Asda age verification trials

Source: Asda

Shoppers who don’t wish to use the system can opt to show ID to a member of staff instead

Asda has revealed details of a trial of automating age checks for alcohol purchases, using self-checkout cameras and ‘age estimation software’ to determine whether a shopper looks over 25.

From this week, customers can take advantage of the technology to speed up alcohol purchases in Asda’s Pudsey and Stevenage stores, the supermarket said.

Asda is one of five major supermarkets taking part in Home Office trials of ‘digital age verification technology’, the others being Tesco, Morrisons, Aldi and Co-op, as reported by The Grocer last week.

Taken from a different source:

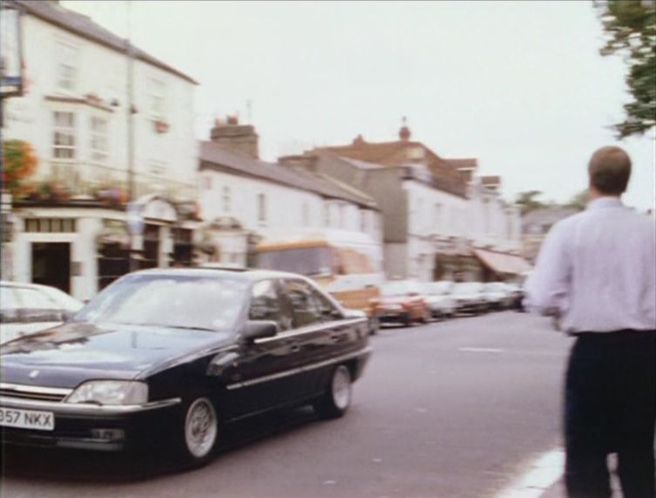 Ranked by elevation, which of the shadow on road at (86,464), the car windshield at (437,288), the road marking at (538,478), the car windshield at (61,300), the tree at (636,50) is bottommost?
the road marking at (538,478)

Asda’s trial uses ‘facial age estimation’ software provided by Yoti to assess whether a customer looks over 25 before deleting the image. If the software decides they look under 25, they can prove their age via the Yoti ID app, which requires scanning a government-approved form of ID. Alternatively they can use the Post Office EasyID app.

Shoppers can also opt to show physical ID to a member of staff.

Digital age verification pilots are also underway at other supermarkets in the Home Office trial. Co-op has been piloting the technology since November at a staff branch in its head office In Manchester, and Aldi is understood to be testing it on a self-checkout at a Cambridge store. Morrisons is due to conduct trials in three stores in Yorkshire from this month. Tesco has not revealed details of its trials.

The pilots are the result of a ‘regulatory sandbox’, according to the Home Office. Regulatory sandboxes enable businesses to test new approaches in real-world situations without some of the usual rules applying. They are funded by private enterprises and as such tend to attract ideas that could result in a return on investment.

The Home Office sees potential in the technology to allow people to establish their age without presenting physical ID, as required under existing licensing laws. It intends the trials to be “small-scale”, agreed with local authorities and police, and to run until the end of May this year.

Geri Hebberd, Asda senior director of retail innovation, said: “We know how time-pressed some of our customers are, so we always want to make things quicker and easier for them when they shop with us.”

Asda was “looking forward to seeing what our customers think of the trial”, Hebberd said, adding: “The use of this software will enable colleagues to focus on serving customers and make sure they have an excellent experience whilst in store.”